L'écologie "n'est plus une rubrique"

Le même problème du traitement de ces informations se poste à la télévision. Après avoir travaillé à Cash Investigation et Envoyé spécial, la journaliste Sophie Roland fait aujourd'hui de la formation dans les écoles de journalisme et les rédactions, pour apprendre à mieux traiter les sujets liés au climat. "J'ai couvert ces enjeux notamment pour Envoyé spécial et Thalassa. J'ai pris conscience moi-même que je manquais de connaissances. Et là je me suis dit waouh, il y a du boulot !" explique la journaliste d'investigation. "Le problème, c'est que de nombreux médias vont filmer les gens en maillot de bain ou les ours polaires pour parler de l'enjeu climatique" ajoute-t-elle. Insuffisant selon de nombreux journalistes. Mais ça évolue. Par exemple, "lundi 13 juin, dans le 20h de France 2, Anne-Sophie Lapix a évoqué le réchauffement climatique dès le lancement de son reportage", note Sophie.

Selon elle, et c'est ce qu'elle explique notamment en formation, "il faut que les liens soient fait entre les événements. Il faut aussi montrer qu'une vague de chaleur, c'est de la souffrance pour les personnes âgées ou ceux qui travaillent en extérieur". "Et puis, il faut également parler des solutions. Et maintenant, on fait quoi ? Comment adapter nos villes face à la situation ?". "C'est encore lent, mais les lignes bougent. L'écologie n'est plus une rubrique. Il y a une prise de conscience" assure-t-elle. Elle constate "une vraie demande" des rédactions, composées de journalistes "qui réalisent qu'ils ont un manque de connaissances de ces enjeux et qui attendent des clés". Avec, par exemple, cette formation sur le traitement des sujets sur le climat prévue à la rentrée à France Télévisions, et ouverte aux journalistes du service public.

Une charte pour un journalisme écologique en écriture

Sophie Roland, avec une trentaine de journalistes et de médias, dont "Vert", sont en train de rédiger une charte "de bonne pratiques" à ce sujet. "L'idée est de sensibiliser les journalistes aux questions d'écologie et de biodiversité" relate Sophie Roland. La charte comportera 13 points, comme faire preuve de pédagogie, de transparence, ou encore... s'interroger sur les images utilisées. Elle sortira dans les prochaines de semaines.

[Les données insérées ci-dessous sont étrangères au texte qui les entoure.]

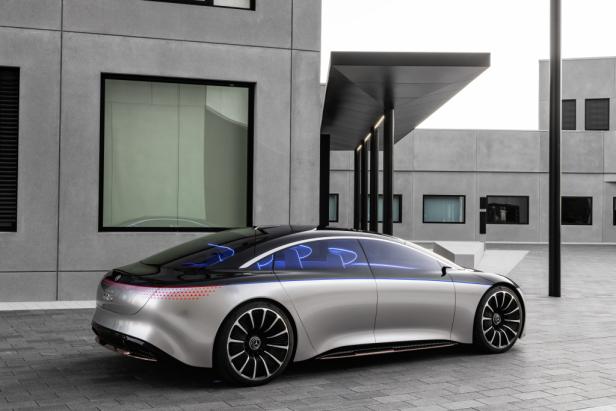 Mercedes EQS: Luxus-Limousine unter Strom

Si la prise de consience est lente, elle semble bien en marche. À l'image du journaliste et présentateur météo de BFMTV, Marc Hay, qui a pris position à l'antenne en assurant qu'il "faut qu'on change notre manière de parler de ça". Ajoutant : "La France va cramer cette semaine !" Un message largement partagé sur les réseaux sociaux.